Branded by J. Saville is also an example in painting. It is a self-portrait in which the obese woman thrusts out a fistful of her flesh towards us in an angry and defensive gesture. Incised scalpel-like wounds that spell out words “delicate” and “decorative” cover her rotten-colored flesh. Again, postmodernism has herein gone further than merely challenging specific values. As artistic and aesthetic critic Michael Newberry accounts: “it has disrupted the psychological and epistemological processes or, in other words, shattered your sanity and throttled your mind.

These works are esteemed by the postmodern establishment exclusively for their shocking content and not for their quality as painting or sculpture” (Free Radical, Newberry, p. 8). Newberry’s condemnation of the “postmodern establishment” brings us to our next culprit, the advocators of silence, the curators and art directors whose formation of a popular art culture dictates what is in vogue. Artistic value is now interpreted, meaning that it is up to the curators to evaluate who are the best artists based on contemporary aesthetics, which is inevitably postmodernism, and to support them accordingly.
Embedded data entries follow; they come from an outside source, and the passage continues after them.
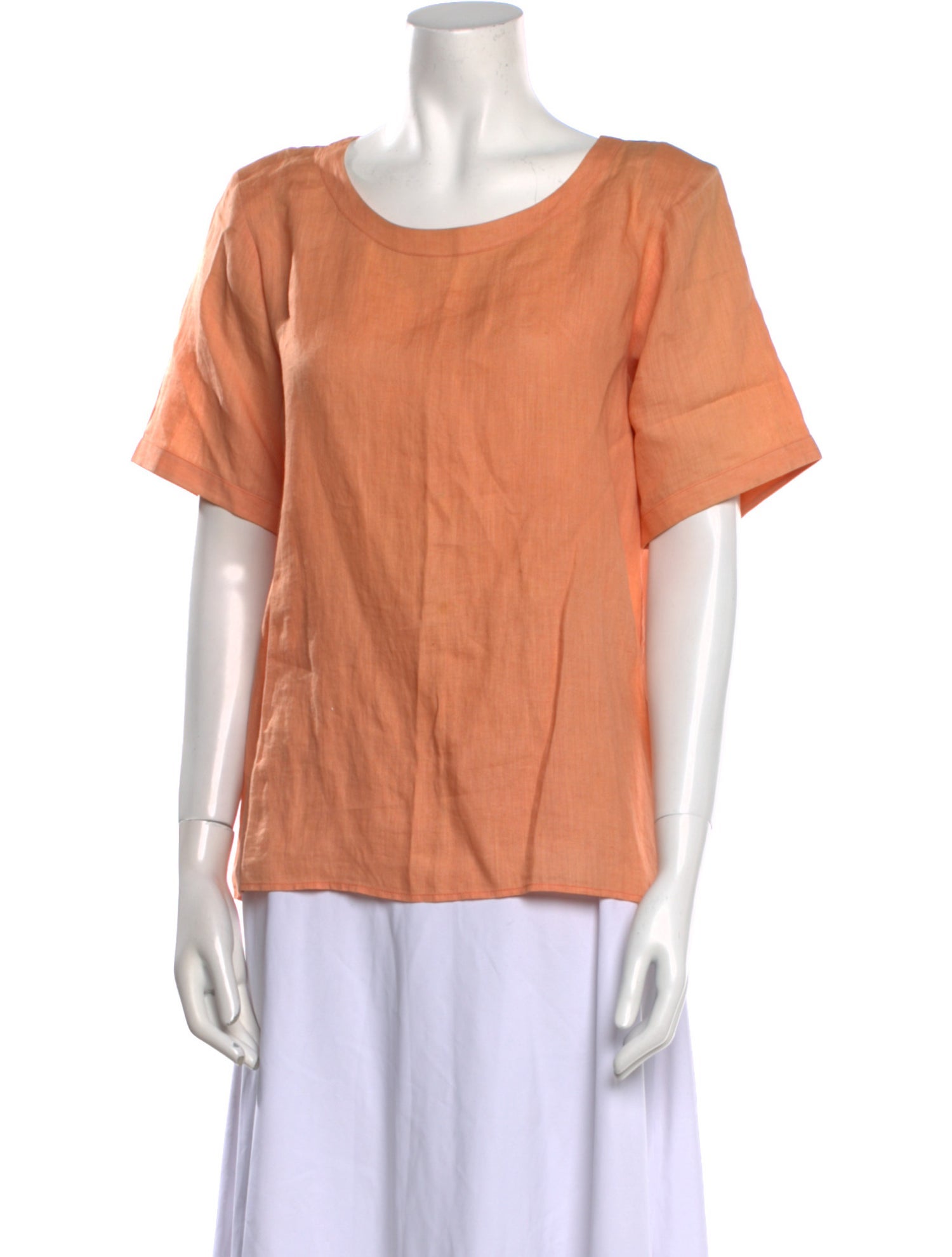 Yves Saint Laurent Rive Gauche Scoop Neck Short Sleeve T-Shirt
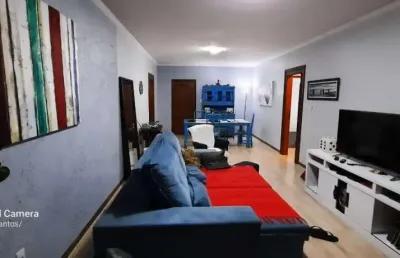 Apartamento à venda em santos-sp: 3 quartos, 1 suíte, 1 sala, 3 banheiros, 1 vaga de garagem, 160m² no josé menino!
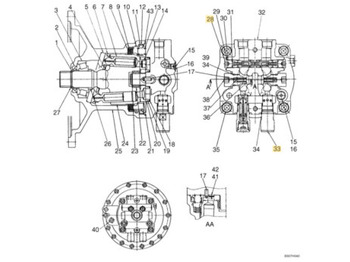 Motor rrotullues NEW HOLLAND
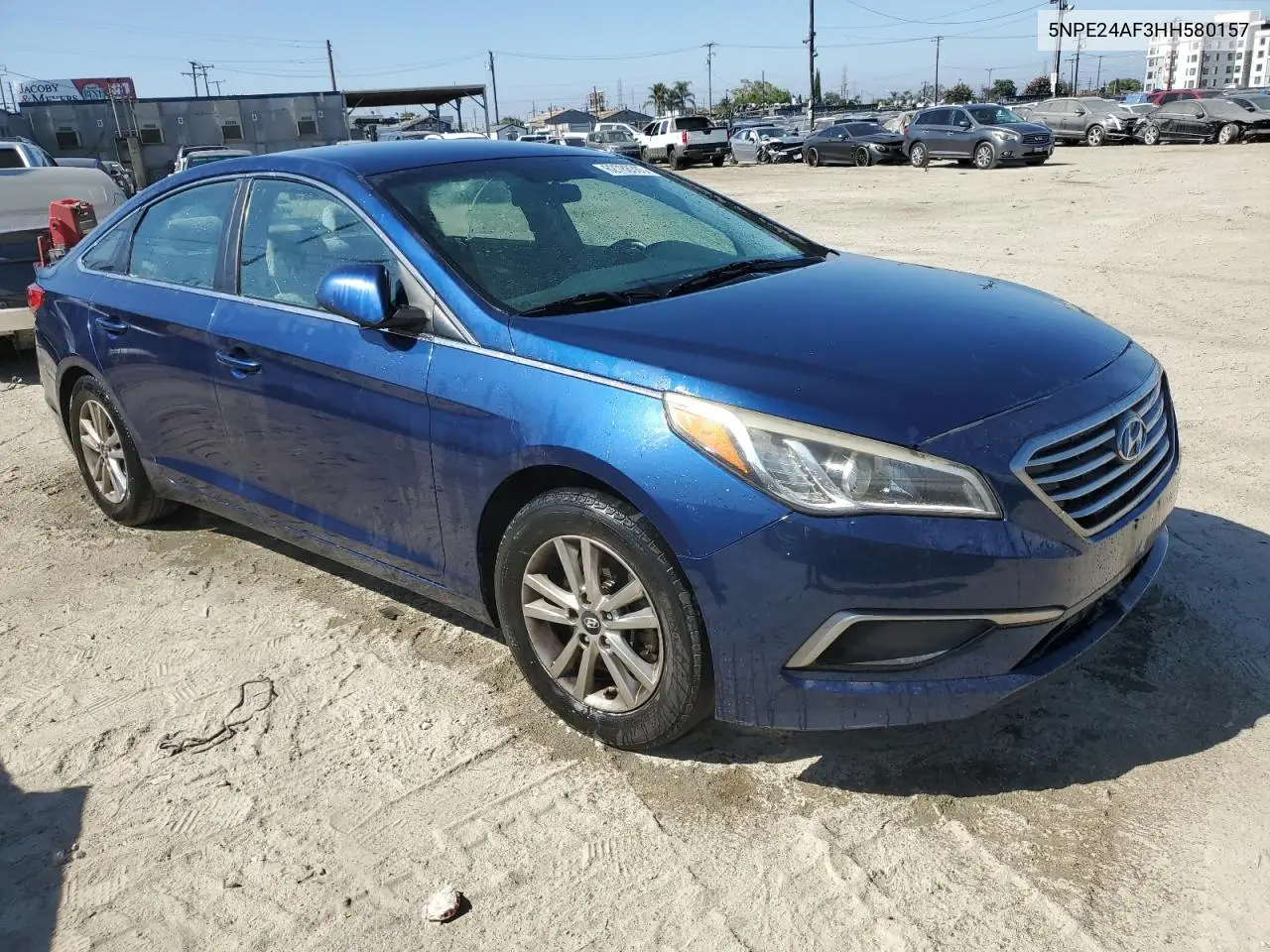 2017 Hyundai Sonata Se VIN: 5NPE24AF3HH580157 Lot: 62788585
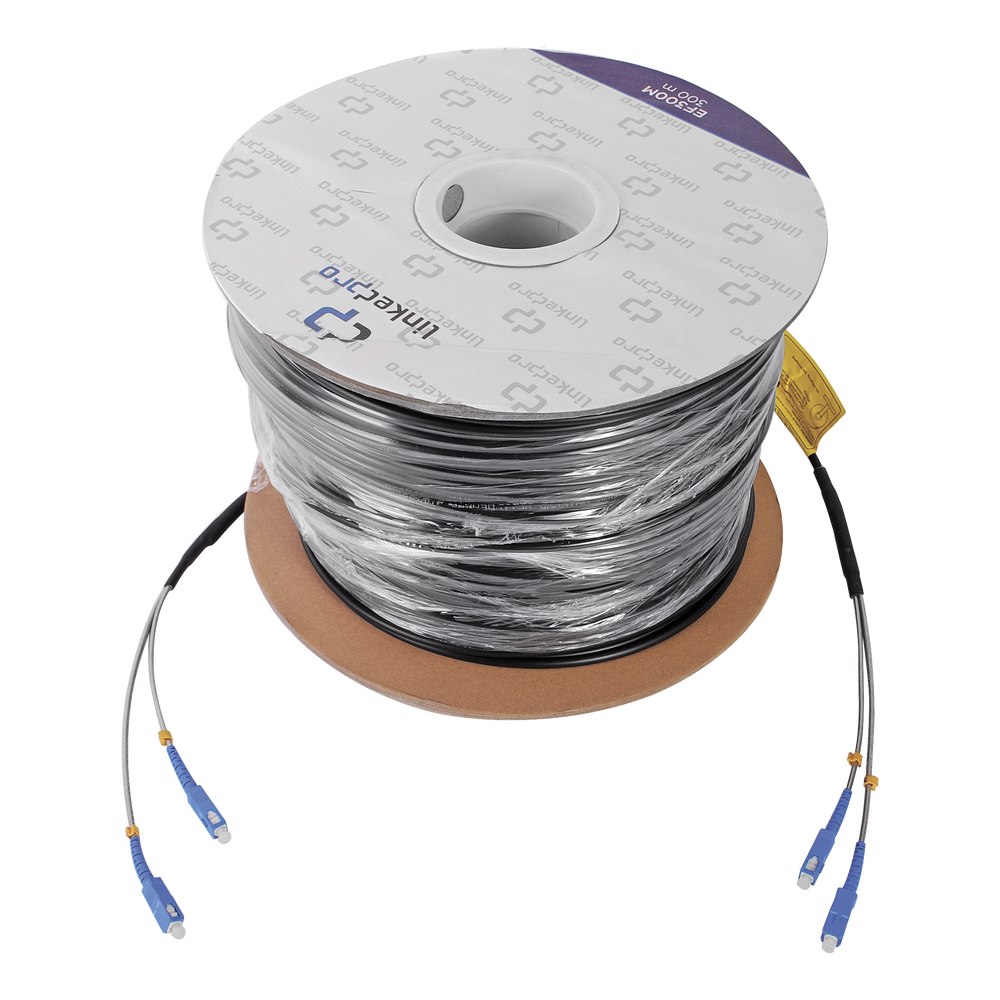 980 ft of Fiber Optic SingleMode with SC-SC Duplex Connectors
In this way postmodernists have substituted Erased De Kooning for drawing, Umbrellas for sculpture, and Empty Room for art. Shock aesthetics is also commonly known in art history as part of the anti-art movement. Oddly, modern art historians gloss over the fact that, logically, art cannot be art and anti-art at the same time. But this creates a “grotesque paradox,” claims Newberry. Notice what this does to the status of the art director as a guardian of art, it creates a grotesque paradox; the directors of contemporary art museums are the promoters and protectors of anti-art.
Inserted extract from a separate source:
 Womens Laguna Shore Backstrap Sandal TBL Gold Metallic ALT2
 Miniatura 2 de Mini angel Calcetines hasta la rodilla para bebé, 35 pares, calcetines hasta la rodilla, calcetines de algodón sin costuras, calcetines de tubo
One important way in which they protect postmodernism is by ignoring any alternative; they are silent when it comes to representational art (Free radical, Newberry, p. 10). The postmodern movement has taken on the universality of representational art, with its history of 30,000 years, and succeeded, in the eyes of the contemporary art world establishment, in wiping it off the face of the planet. It has left the end point of art with “bile instead of progress, knowledge, and exaltation” (Free Radical, Newberry, p. 13).

Rand and Aristotle have benevolent views of what that end should be. Rand believes that the creation of art should culminate in “a moment of metaphysical joy – a moment of love for existence” (Free Radical, Newberry, p. 14). Similarly, Aristotle thinks that “every art is thought to aim at some good; and for this reason good has rightly been declared to be that at which all things aim” (Encyclopedia Britannica). Rand and Aristotle come from the standpoint that every act of human creativity has a human value as an end point, including art.

The converse would be that if an act has a negative state as end it would be destructive or meaningless for a healthy humanity. Is there any value to postmodern art aside from shock value? The artist, like every other thinking and passionate human being, has the power to decide whether to accept the assumptions of the recent past and work within them, or whether to strike out on his own, questioning those assumptions and actively seeking alternatives to them.

However, the postmodern trend strikes one as outrageously defiant at times, as is the case with Cultural Gothic, Branded, and Zhu Yu’s alleged “art,” along with many others. Historically, the impetus for social change through art can be understood, although postmodern art has gotten out of hand in this regard. The destruction of the World Trade Center is the most brilliant example of the furthest reaches of what is possible to a postmodernist.

The enormity of the project is gigantic: the methodical planning, the support of volunteers, the huge waste of money, the real violence of the act, and the end result of nihilism. Beyond obliteration the consequential absence of the Twin Towers is the crowning glory of postmodern art” (www. http://www. freeradical. co. nz/solo/newberry_terrorism. html). Can we hail the alleged perpetrators of this inhumane crime as the greatest postmodern artists since Marcel Duchamp? If so, we too, should hail Pandora who, despite urgings to keep the jar sealed, unleashed a terror on the world that did more harm than good.